▶ _Work to complete_
Each entry should be returned exactly as written, with no pictures carried over.

▶ _Data extract_
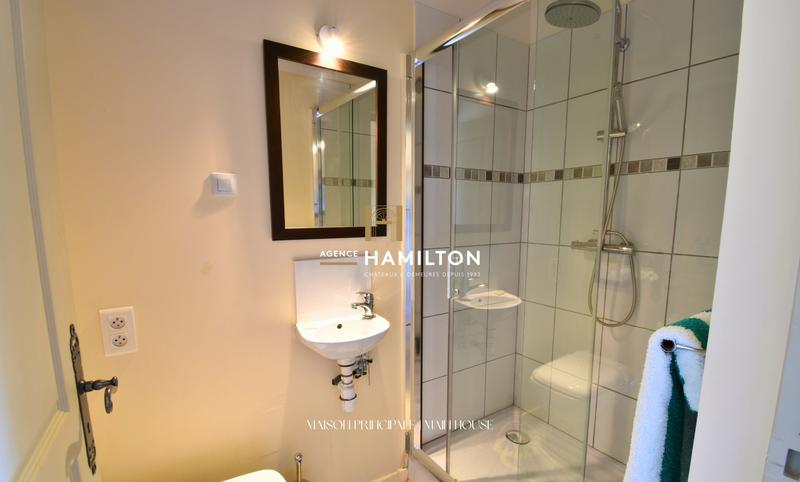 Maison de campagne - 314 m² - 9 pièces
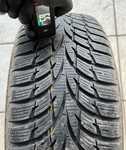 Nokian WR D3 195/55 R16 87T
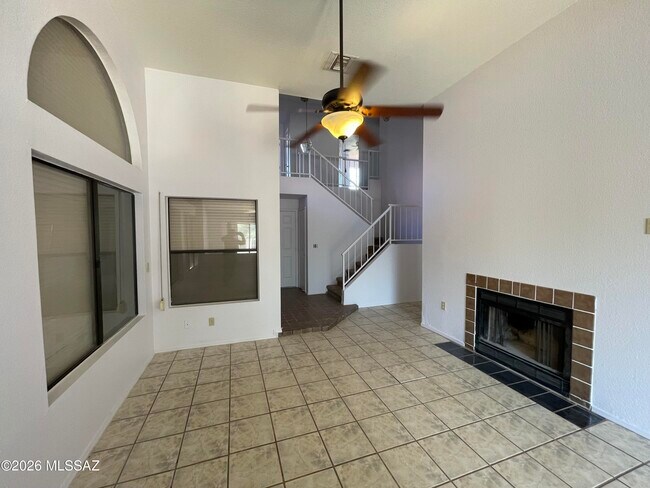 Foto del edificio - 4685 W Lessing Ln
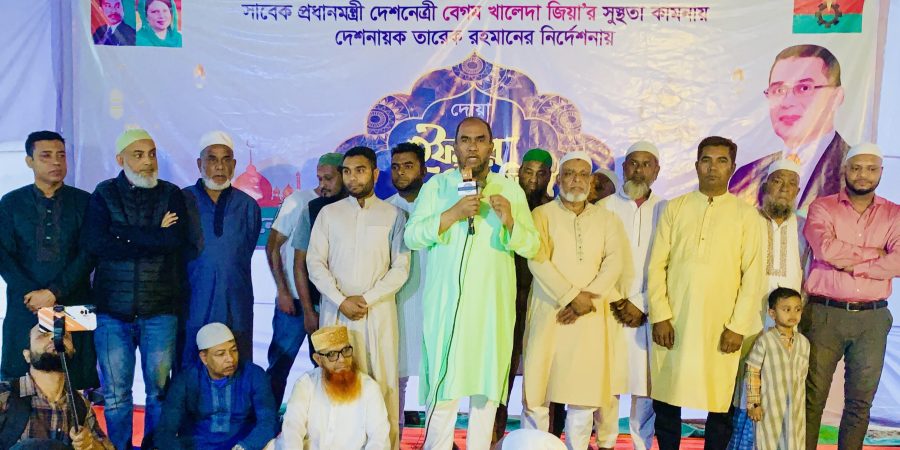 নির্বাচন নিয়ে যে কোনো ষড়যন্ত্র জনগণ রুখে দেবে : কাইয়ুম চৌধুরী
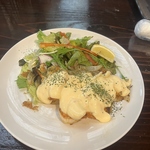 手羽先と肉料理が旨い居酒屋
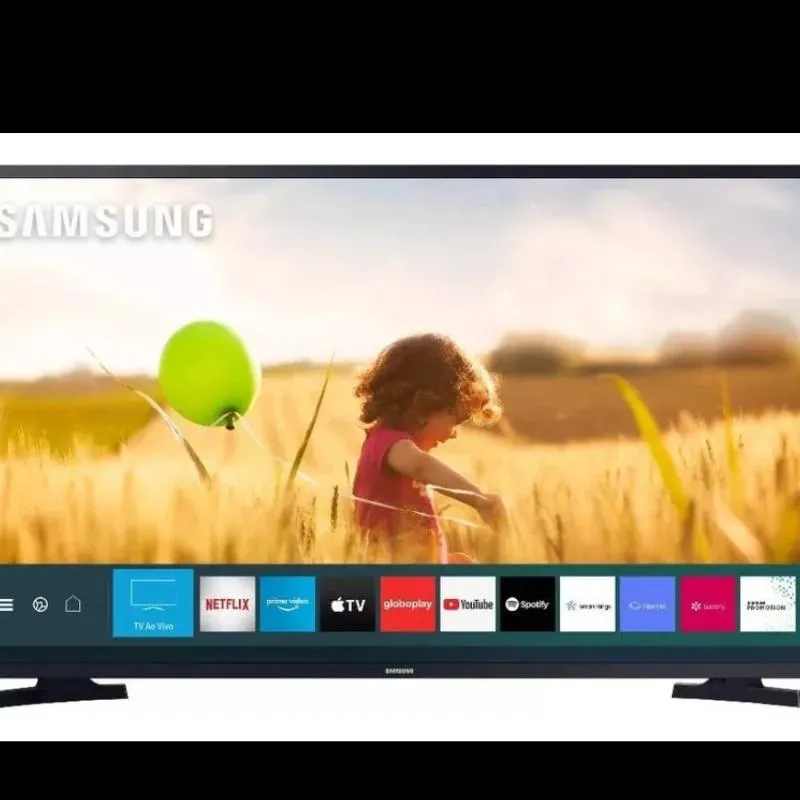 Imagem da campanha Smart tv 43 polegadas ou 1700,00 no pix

▶ _Response below_
 Maison de campagne - 314 m² - 9 pièces
 Nokian WR D3 195/55 R16 87T
 Foto del edificio - 4685 W Lessing Ln
 নির্বাচন নিয়ে যে কোনো ষড়যন্ত্র জনগণ রুখে দেবে : কাইয়ুম চৌধুরী
 手羽先と肉料理が旨い居酒屋
 Imagem da campanha Smart tv 43 polegadas ou 1700,00 no pix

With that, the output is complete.